- Your goal: From the line that contains "Cat & Jack Girls" through the last line of the data, copy everything exactly and nothing else, omitting the pictures.

- Supplied data:

++++++++++

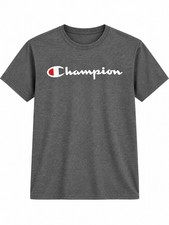 Champion Men's Classic Script Logo T-Shirt 100% Cotton Graphic Short Sleeve Tee picture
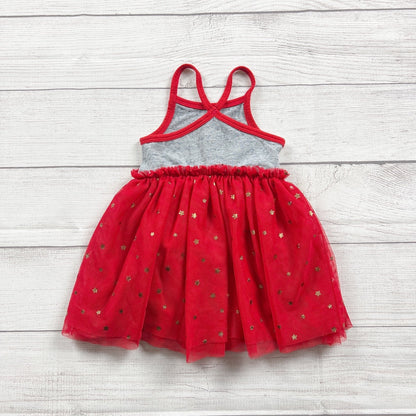 Cat & Jack Girls Patriotic Star Tulle Dress Bloomers Set Outfit 9-12 Months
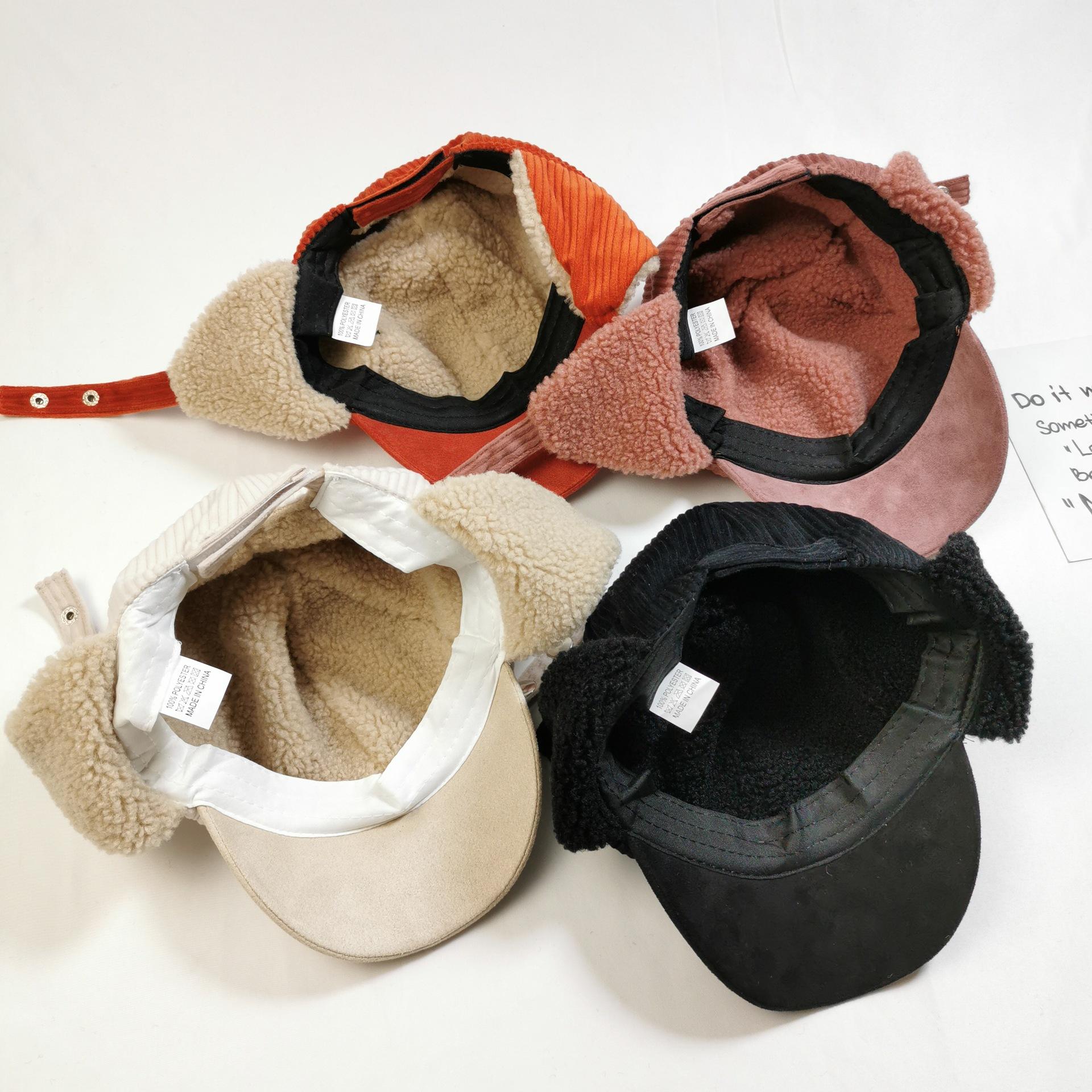Bé Bé Trai Bé Gái Nón Mùa Đông Dày Plus Nhung Tai Ấm Cho Bé Sang Trọng Nón Lưỡi Trai Trẻ Em Beanies Cho 1-6y Trẻ Em Mũ Lưỡi Trai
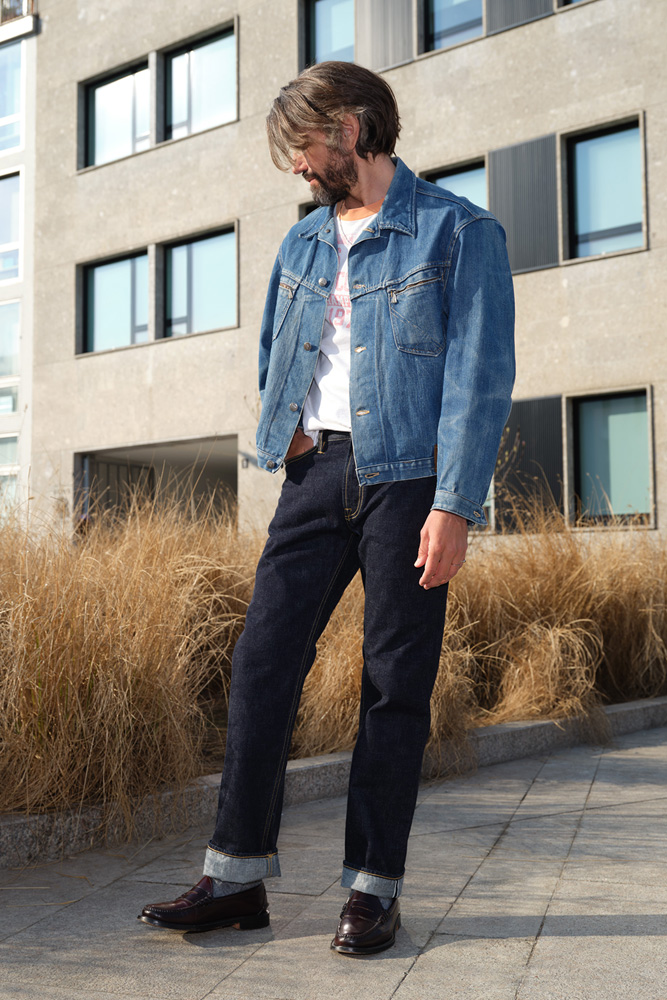 Cult Wide SELVEDGE BAR ROY ROGER'S Denim Jap Rinse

++++++++++

- Solution to this exercise:
 Cat & Jack Girls Patriotic Star Tulle Dress Bloomers Set Outfit 9-12 Months
Bé Bé Trai Bé Gái Nón Mùa Đông Dày Plus Nhung Tai Ấm Cho Bé Sang Trọng Nón Lưỡi Trai Trẻ Em Beanies Cho 1-6y Trẻ Em Mũ Lưỡi Trai
 Cult Wide SELVEDGE BAR ROY ROGER'S Denim Jap Rinse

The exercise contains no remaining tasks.